- Location: Stutsman County, North Dakota, USA
- Nearest city: Medina, ND
- Coordinates: 46°50′42″N 99°17′35″W﻿ / ﻿46.84500°N 99.29306°W
- Area: 160 acres (65 ha)
- Established: May 10, 1939
- Governing body: U.S. Fish and Wildlife Service

= Half-Way Lake National Wildlife Refuge =

Easement refuge in North Dakota

The Half-Way Lake National Wildlife Refuge is located in the U.S. state of North Dakota and consists of 160 acres (0.65 km^{2}). The refuge is a "limited-interest" refuge, which is privately owned easement refuge, managed by the U.S. Fish and Wildlife Service. The refuge is closed to the public and was established to protect habitat for migratory bird species and other animal life. Chase Lake Wetland Management District oversees the refuge, which in turn is a part of the Arrowwood National Wildlife Refuge Complex.

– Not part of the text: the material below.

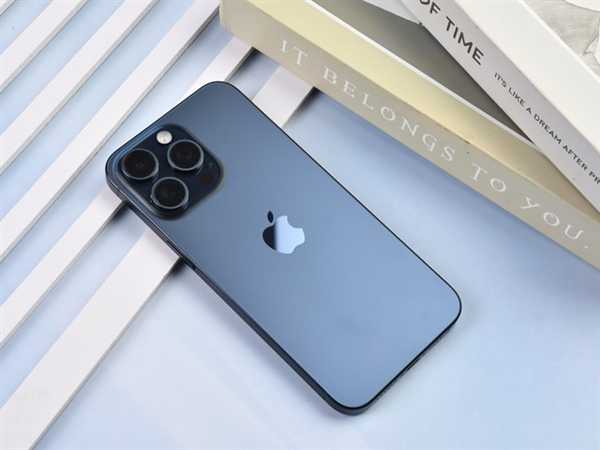 iPhone钛合金对比不锈钢体验 去年买了14 Pro后大悔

This is a limited-interest national wildlife refuge. The FWS has an easement on private property allowing it to manage wildlife habitat, but the land remains private property. There is no public access except from adjacent public roads. Limited-interest refuges were created in the 1930s and 1940s in response to declining waterfowl populations and the need to get people back to work during the Great Depression. Many landowners sold easements allowing the federal government to regulate water levels and restrict hunting.